Women suffer discrimination in the maths community in different ways: our work is not recognised in the same way that men’s work is by prizes, positions, grants, promotions, salary; our opinions are not considered in the same way; we are not given the same opportunities, for example with nominations for prizes or leading roles, invitations, responsibility positions, participation to committees. Not to mention sexual harassment. These discriminations are often unconscious, which makes them even more difficult to detect and to correct.

This is why I think that one of the fundament things we can do is just making everybody aware of these problems. Many people, especially men, they do not even realise that there is a problem.

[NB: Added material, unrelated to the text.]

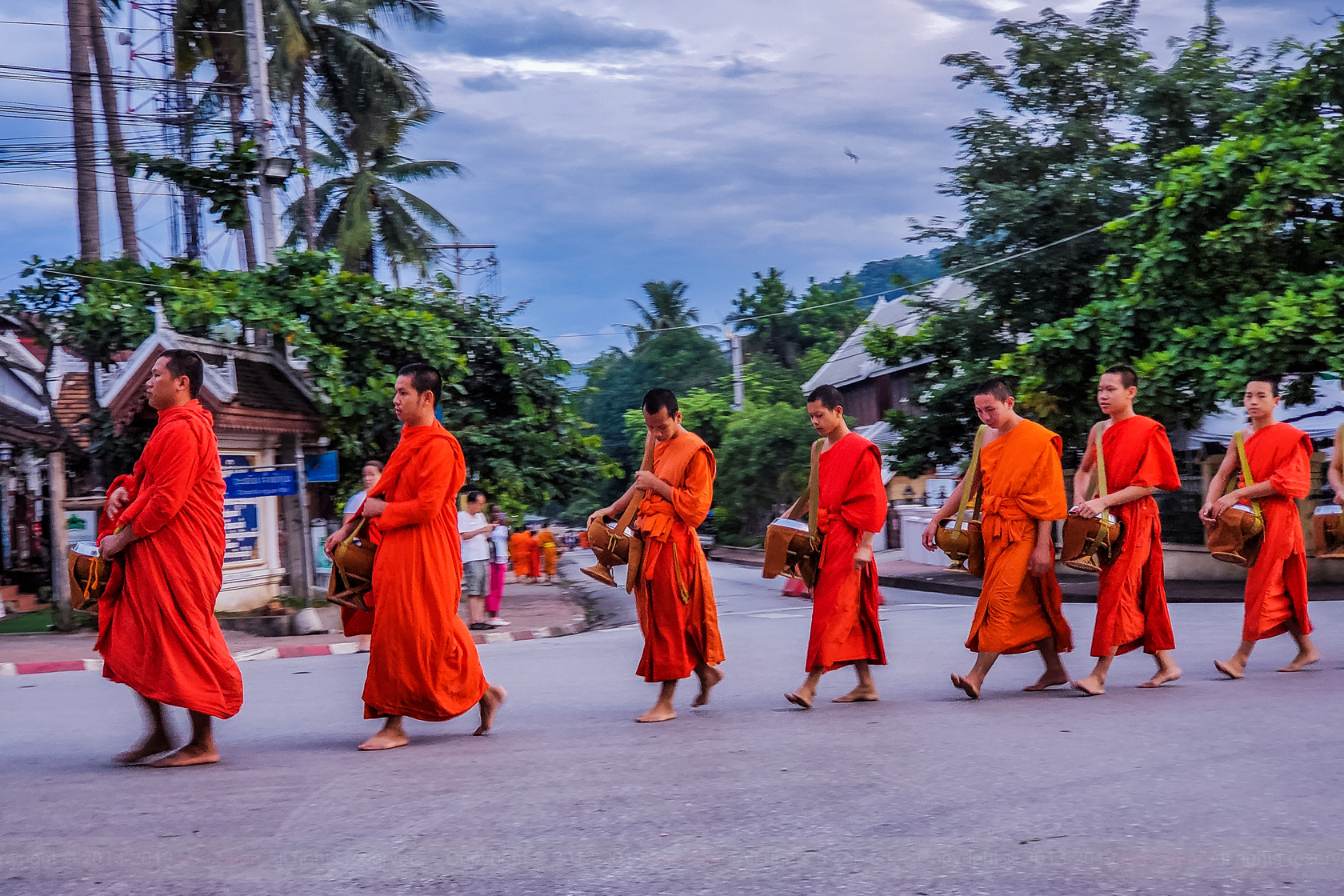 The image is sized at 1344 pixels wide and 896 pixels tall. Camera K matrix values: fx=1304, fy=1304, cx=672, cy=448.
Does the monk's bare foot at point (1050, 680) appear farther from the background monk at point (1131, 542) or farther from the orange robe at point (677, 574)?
the orange robe at point (677, 574)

Some of the actions we put in place during my term as President were: writing a weekly section in the bulletin of the RSME, manage the social media of the commission, organizing round-table discussions, nominating women for prizes, planning activities for the Women’s day in Science/Maths, addressing cases of discriminating calls for grants or positions, writing popular maths articles, collecting gender related data.

Can you tell us about your work in developing countries?

Even if I complain about being discriminated as a woman, I’m also aware I am in a privileged position. I was born in a developed country in a middle class family with no economic problems, who encouraged me to study whatever I liked. I know that not everyone has the same opportunities, so I’m very happy to help others.

I’ve participated in 5 schools and conferences in developing regions in the last four years. Of course,  you go there and you teach courses, but the most important part is interacting with the students, helping them with their questions and doubts, encourage them to enjoy maths and to pursue a career in maths. And when you leave, it’s not finished: you keep contact, you write recommendation letters for them, and you help them to get new opportunities. It is a very satisfying part of my job.

What are you passionate about, apart from maths? Do you have a dream you would like to realise?

I love travelling, and now it is very difficult with the coronavirus pandemic, I’m sad about it. I also love nature and hiking in beautiful places. I have a big map of the world and I put pins in the countries I visited. I do love maps, you can leave me in front of a map, come two hours later and you will find me still staring at it. Two dreams I have now: one, going to the Everest Base Camp, and another, going on a safari in Africa!